No deaths, clinical signs of toxicity, or skin irritation occurred over the course of the study.  The dermal LD50 for
propylene glycol n-butyl ether is greater than 2,000 mg/kg for male and female Wistar rats.  

Endpoint conclusion

Endpoint conclusion:

no adverse effect observed

Quality of whole database:

Good (Klimisch 1)

Additional information

The studies with a Klimisch rating 1 have been selected as key studies for the hazard assessment.

Oral - The oral LD50 value for propylene glycol butyl ether in experiments in rats ranges from 2500 to 5200 mg/kg. There are two key studies conducted on rats identified for acute oral toxicity - Dow, 1987 with combined (male and female) LD50 value of 3300 mg/kg and BASF SE (2001) with the combined (male and female) LD50 value of > 2000 mg/kg, based on the most reliable study (Klimisch 1) will be taken forward for the risk assessment.

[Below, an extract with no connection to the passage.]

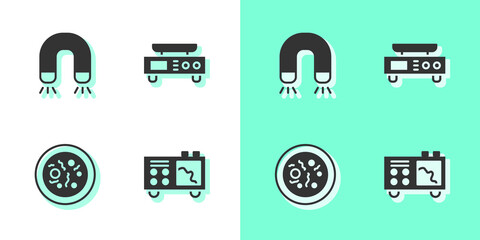 Set Spectrometer, Magnet, Petri dish with bacteria and Electronic scales icon. Vector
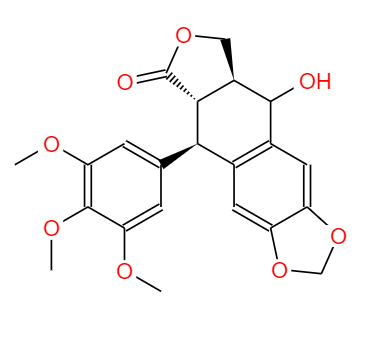  CAS： 477-47-4，中文名称： 苦鬼臼毒素 英文名称：Picropodophyllotoxin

Inhalation - No mortality was observed in any of the acute inhalation studies in rats. The key study identified is the Dow, 1989 study in rats and the LC0 value was > 651 ppm or 3515 mg/m3 (highest attainable concentration under ambient conditions of exposure), this value will be taken forward for the risk assessment.

Dermal - Dermal LD50 values in rats range from 1400 to 3133 mg/kg. The key study identified for acute dermal toxicity is the Dow, 1989 study in rats with the LD50 value of > 2000 mg/kg, based on the most reliable study (Klimisch 1) will be taken forward for the risk assessment. This was supplemented with one supporting publication (Smyth et al., 1974) in rabbits with a dermal LD50 of 3133 mg/kg body weight.The lowest value of 1400 mg/kg in rabbits is from the Smyth, 1969 publication and there is not much information with regards to the purity of the material tested and hence this value will not be used for risk assessment.

Justification for selection of acute toxicity – oral endpoint
GLP study according to OECD guideline

Justification for selection of acute toxicity – inhalation endpoint
GLP study according to OECD guideline

Justification for selection of acute toxicity – dermal endpoint
GLP study according to OECD guideline

Justification for classification or non-classification

LD50 values for oral and dermal route > 2000 mg/kg/bw.

Inhalation exposure to the highest attainable vapor concentration of PnB (651ppm/3515mg/m3) did not reveal any substance related adverse effects.

According to the EU criteria for classification and labeling, PnB is not classified for acute toxicity for any route of exposure.